WHAT TO PRODUCE — Leaving the pictures aside, return the listing exactly as it appears.

SUPPLIED MATERIAL —
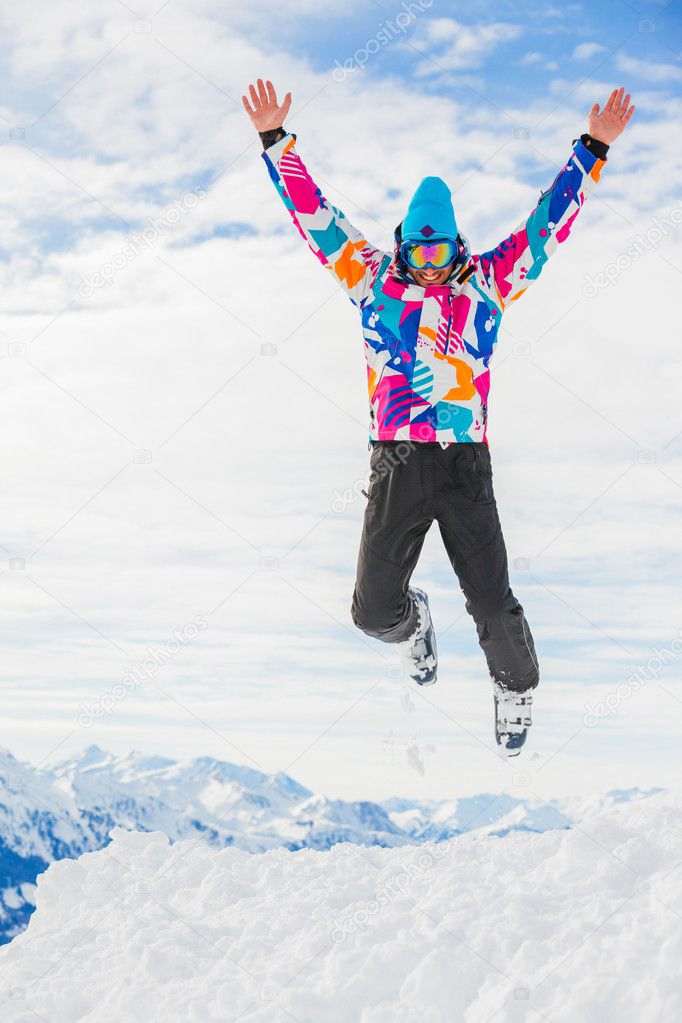 Young skier jumping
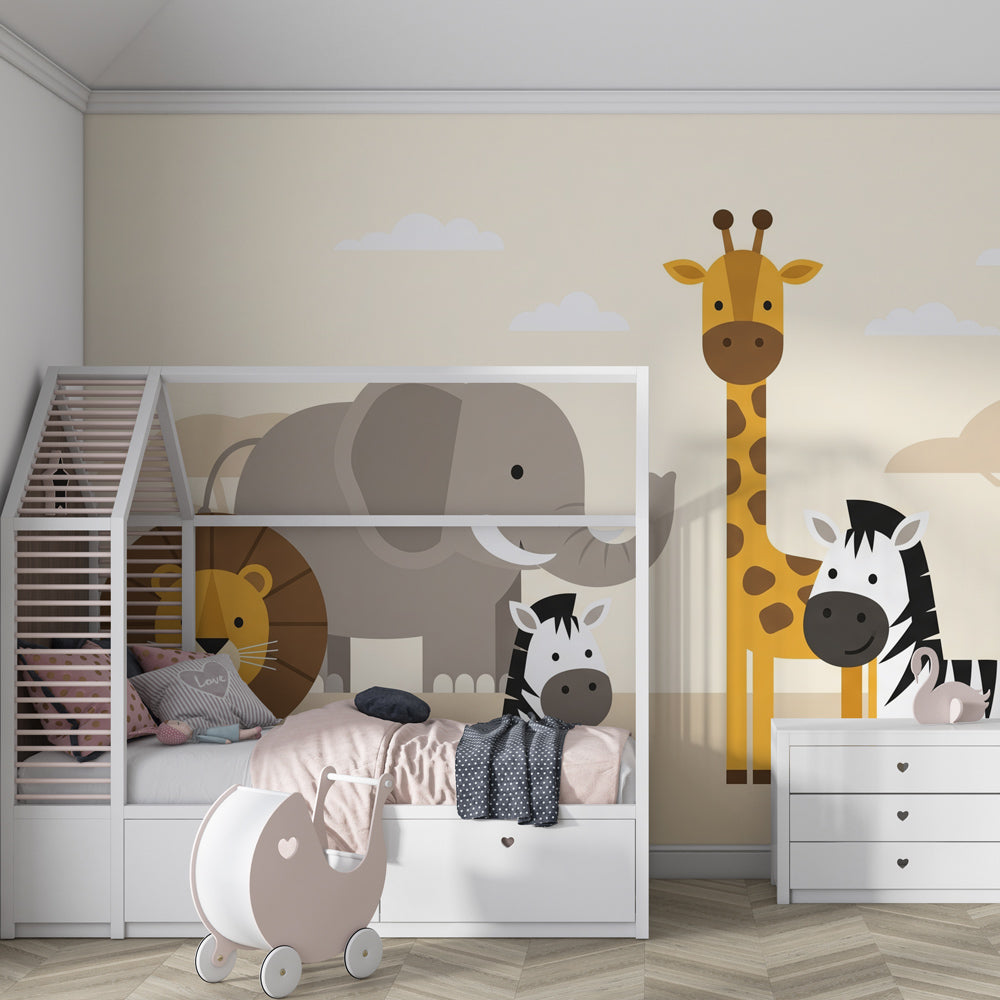 Kids-Mundo safari animal wall mural with lion, zebras and monkey brightening a children's bedroom wall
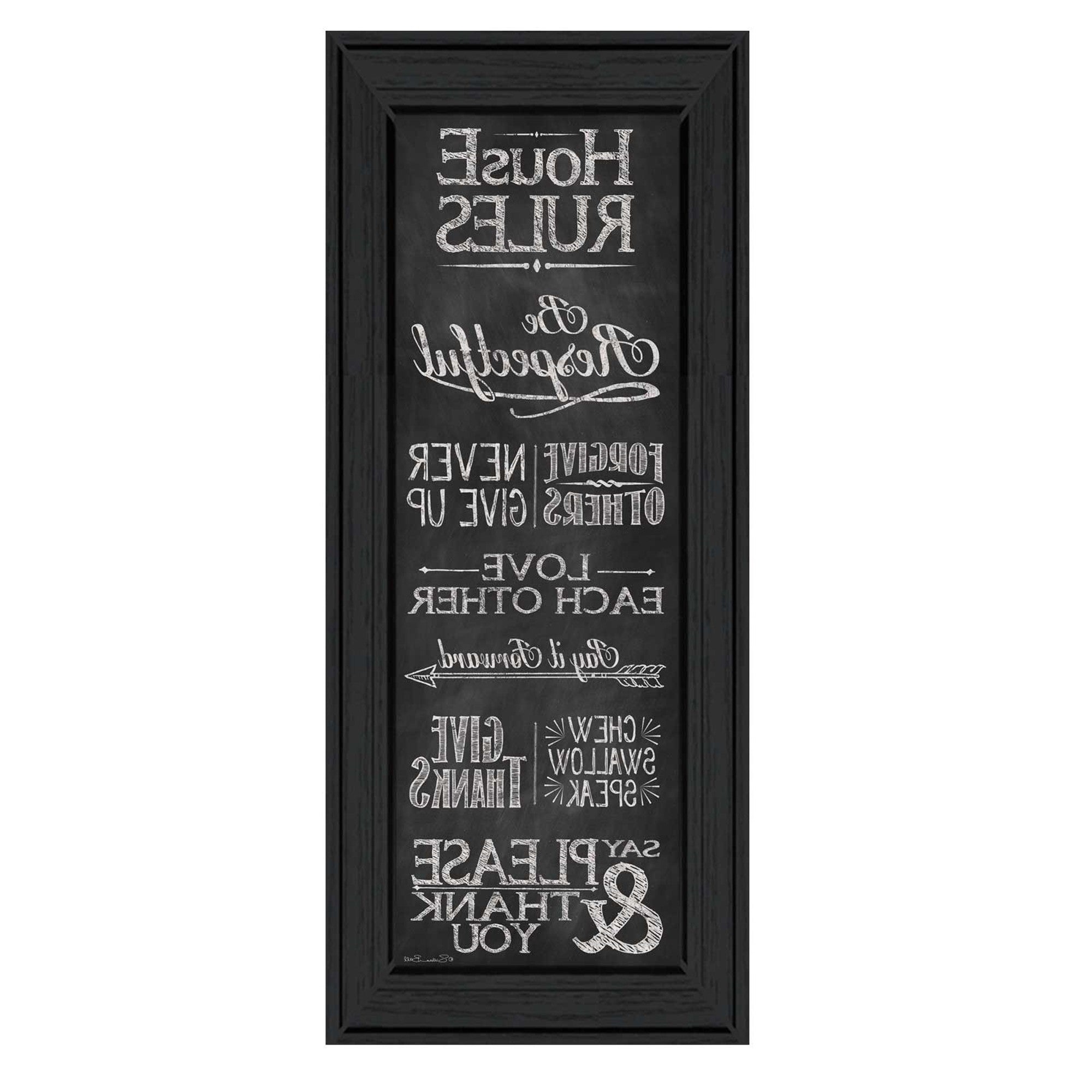House Rules Black Framed Print Wall Art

RESULT —
 Young skier jumping
 Kids-Mundo safari animal wall mural with lion, zebras and monkey brightening a children's bedroom wall
House Rules Black Framed Print Wall Art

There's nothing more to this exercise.